*PROBLEM DETAILS*: Restate word for word each line from the one containing "Moringa (Moringa oleifera)" through the end of the material, and nothing more. Drop every picture.

*AVAILABLE DATA*:
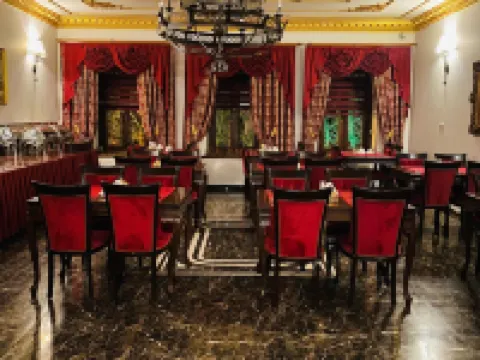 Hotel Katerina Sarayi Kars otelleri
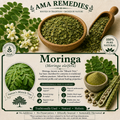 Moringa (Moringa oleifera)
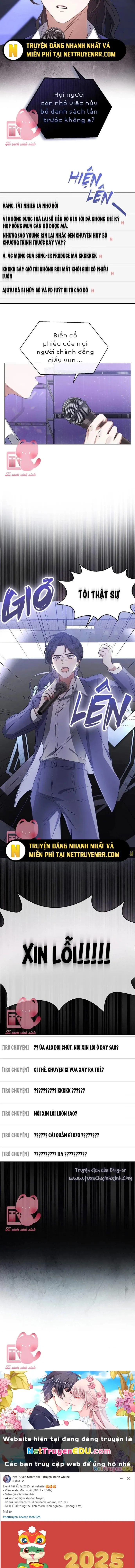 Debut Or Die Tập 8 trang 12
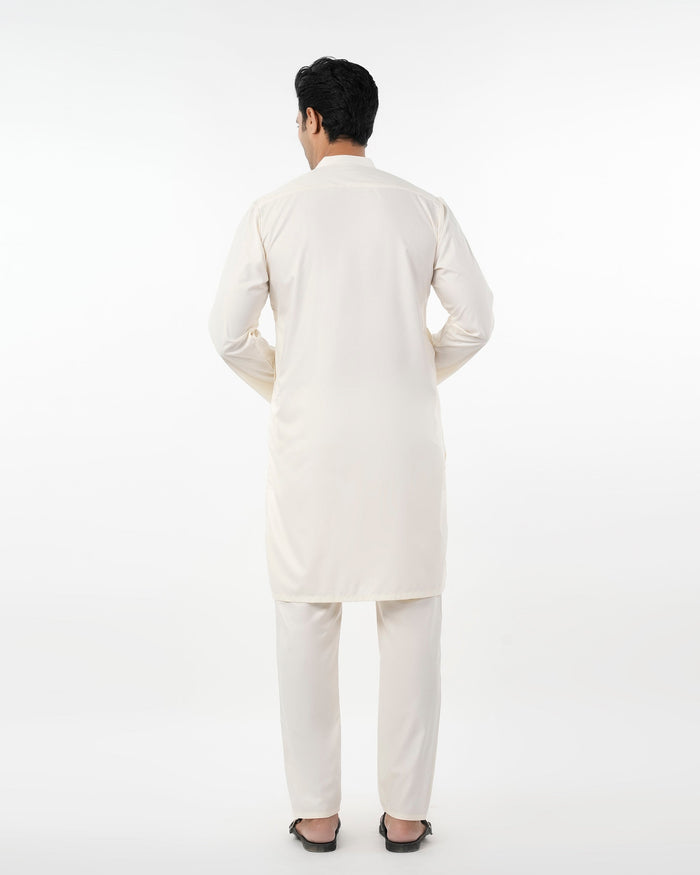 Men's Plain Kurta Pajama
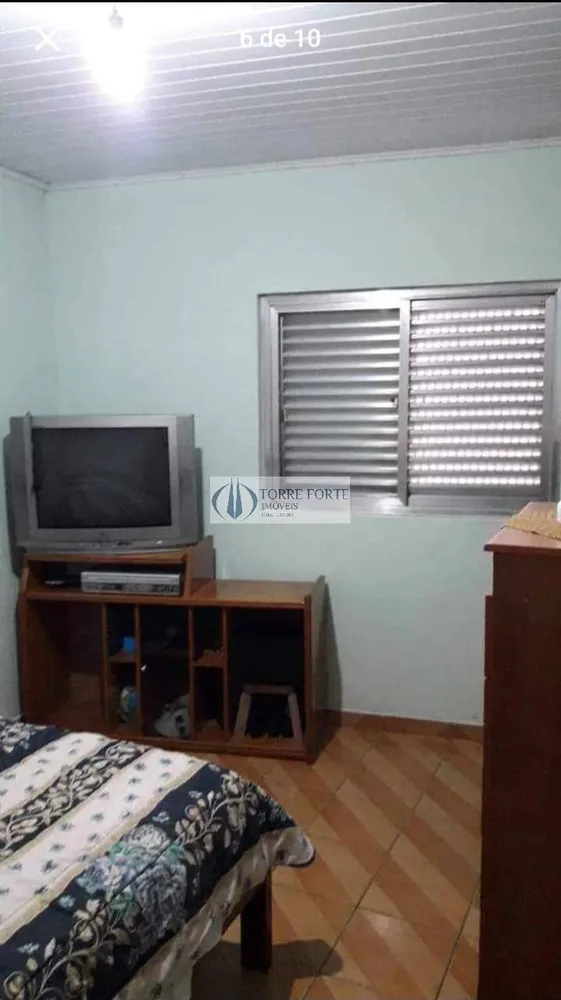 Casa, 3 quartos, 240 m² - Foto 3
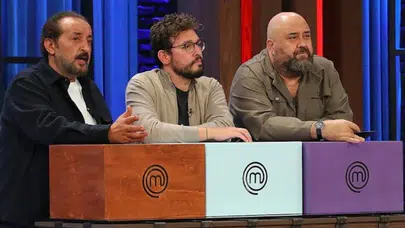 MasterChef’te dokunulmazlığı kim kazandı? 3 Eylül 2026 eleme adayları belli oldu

*EXERCISE OUTPUT*:
 Moringa (Moringa oleifera)
 Debut Or Die Tập 8 trang 12
 Men's Plain Kurta Pajama
 Casa, 3 quartos, 240 m² - Foto 3
 MasterChef’te dokunulmazlığı kim kazandı? 3 Eylül 2026 eleme adayları belli oldu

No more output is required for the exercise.